Stranger’s life-saving gift puts GR man back in the race

Man with rare blood cancer returns to Fifth Third River Bank Run

Perry Cheathem trains for Fifth Third River Bank Run's 10k event. (May 10, 2016)


GRAND RAPIDS, Mich. (WOOD) — A Grand Rapids man who feared his running days were over will be back toeing the line of the Fifth Third River Bank Run Saturday, thanks to a stranger’s life-saving gift.

Perry Cheathem had participated in the Fifth Third River Bank Run and other races for nearly a decade. Then in August 2014, something changed.

“I ran the Crim, the Flint Crim, and I kept slowing down each mile and I wasn’t sweating, Cheathem said. “The next couple of days I started to swell up, and that’s when I knew something wasn’t right.”

A second trip to the emergency room resulted in a quick yet frightening diagnosis for Cheathem.

Perry Cheathem trains for Fifth Third River Bank Run's 10k event. (May 10, 2016)
Perry Cheathem trains for Fifth Third River Bank Run’s 10k event. (May 10, 2016)

“They did a biopsy of some of my lymph nodes and they concluded it was cancer,” he explained.

Cheathem had T-cell non-Hodgkin lymphoma, which is a rare form of blood cancer.

“One of the first things the doctors tell you is not to look it up on the Internet. Of course, that’s the first thing I do,” said Cheathem.

“It’s scary,” said Cheathem’s wife, Chris. “I think he’s had some pretty hard days and it’s been tough.”

The prognosis wasn’t good; Cheathem said his chances of survival were very, very low.

Perry Cheathem takes a break from training for Fifth Third River Bank Run's 10k event. (May 10, 2016)
Perry Cheathem takes a break from training for Fifth Third River Bank Run’s 10k event. (May 10, 2016)

He went through nearly a year of chemotherapy and nearly lost a leg from an infection his depleted immune system couldn’t fight.

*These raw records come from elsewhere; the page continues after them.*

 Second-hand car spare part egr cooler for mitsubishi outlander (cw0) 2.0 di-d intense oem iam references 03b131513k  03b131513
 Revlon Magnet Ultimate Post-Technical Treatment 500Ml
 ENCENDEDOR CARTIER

Cheathem’s last hope was a bone marrow or stem cell transplant.

“For these patients that need these bone marrow transplants, about 70 percent of the patients are not going to find a matching donor in their family,” said Caitlin Regan with Michigan Blood.

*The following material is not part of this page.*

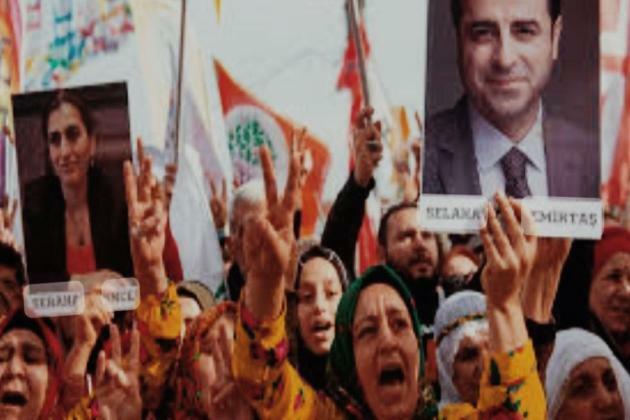 Freedom for Kurdistan without Erdogan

Without a family match, Cheathem turned to Michigan Blood and national bone marrow registry, Be The Match.

On June 9, Cheathem hit a turning point in his fight against cancer.

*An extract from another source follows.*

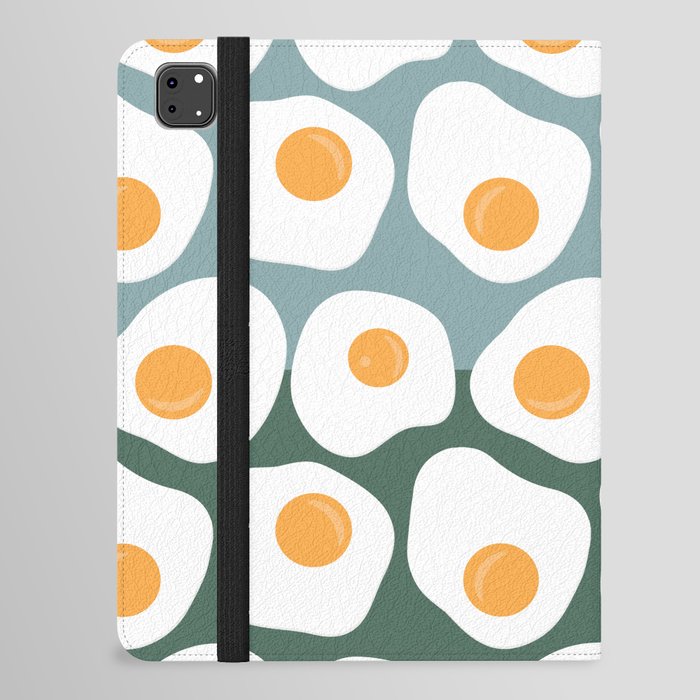Egg Pattern  iPad Folio Case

Perry Cheathem talks to a group of students about the Be The Match bone marrow registry program.
Perry Cheathem talks to a group of students about the Be The Match bone marrow registry program.

“I got a stem cell transplant and it was donated,” he said. “I’d never heard of this Be The Match and it saved my life.”

With his cancer now in remission, Cheathem speaks on the behalf of Be The Match, sharing his story in hopes of getting more potential donors to register and save others’ lives, especially with his ethnic background.

“As it stands, the registry is comprised of about 70 percent Caucasian donors and about 6 percent African-American,” Regan explained. “The reason that’s troublesome is that most of the patients are going to match someone of their same ethnic background, so there’s simply not enough potential donors for these patients.”

Cheathem has another goal. A year after loved ones ran the Fifth Third River Bank Run in his honor, he’s pushing his body again to run Saturday’s 10k event.

Friends and family ran the Fifth Third River Bank Run on Cheathem's behalf in 2015. (Courtesy photo)
Friends and family ran the Fifth Third River Bank Run on Cheathem’s behalf in 2015. (Courtesy photo)

“[I] just want to finish. That’s my goal,” Cheatem said.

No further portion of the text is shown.